_TASK TO CARRY OUT_: Somewhere below are a line with "8225 Lake Drive Doral FL 33166" and a later line with "1004 Grand Avenue - Photo Thumbnail 27". Output exactly those lines and all lines between them.

_EXERCISE INPUT_:
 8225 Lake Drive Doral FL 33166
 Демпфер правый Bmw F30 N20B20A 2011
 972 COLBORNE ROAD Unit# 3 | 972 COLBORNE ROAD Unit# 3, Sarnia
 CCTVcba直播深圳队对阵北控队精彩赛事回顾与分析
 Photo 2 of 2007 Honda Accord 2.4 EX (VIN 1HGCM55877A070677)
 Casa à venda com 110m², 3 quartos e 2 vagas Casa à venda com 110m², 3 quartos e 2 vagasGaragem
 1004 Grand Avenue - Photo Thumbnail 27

...

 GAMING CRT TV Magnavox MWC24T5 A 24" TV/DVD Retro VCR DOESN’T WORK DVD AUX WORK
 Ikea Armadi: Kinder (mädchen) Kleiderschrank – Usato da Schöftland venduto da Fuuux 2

---

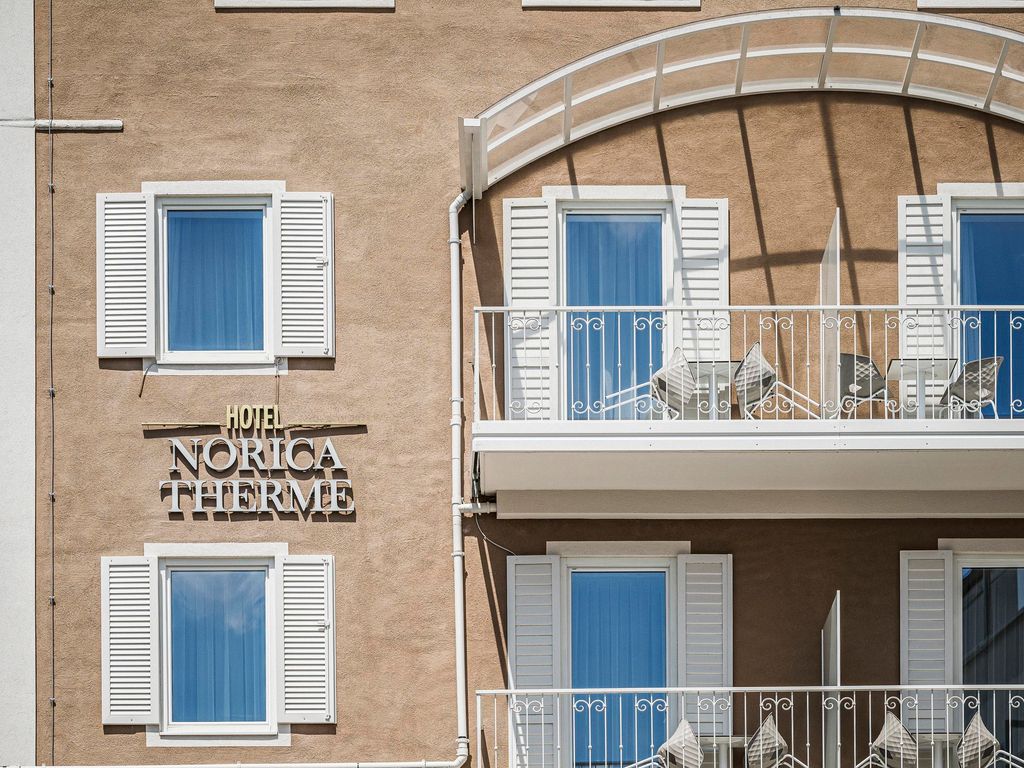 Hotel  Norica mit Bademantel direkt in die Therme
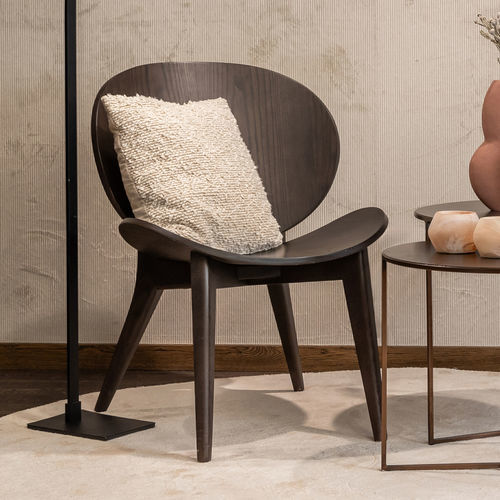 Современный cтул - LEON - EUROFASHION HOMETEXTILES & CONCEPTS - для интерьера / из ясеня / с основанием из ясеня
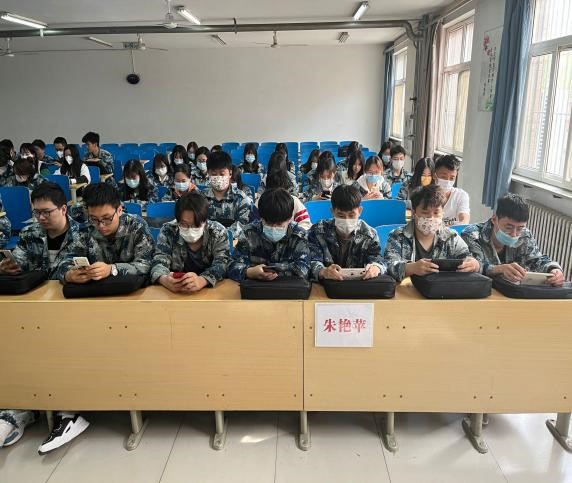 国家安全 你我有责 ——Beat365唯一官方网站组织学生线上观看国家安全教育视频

_EXERCISE RESULT_:
 8225 Lake Drive Doral FL 33166
 Демпфер правый Bmw F30 N20B20A 2011
 972 COLBORNE ROAD Unit# 3 | 972 COLBORNE ROAD Unit# 3, Sarnia
 CCTVcba直播深圳队对阵北控队精彩赛事回顾与分析
 Photo 2 of 2007 Honda Accord 2.4 EX (VIN 1HGCM55877A070677)
 Casa à venda com 110m², 3 quartos e 2 vagas Casa à venda com 110m², 3 quartos e 2 vagasGaragem
 1004 Grand Avenue - Photo Thumbnail 27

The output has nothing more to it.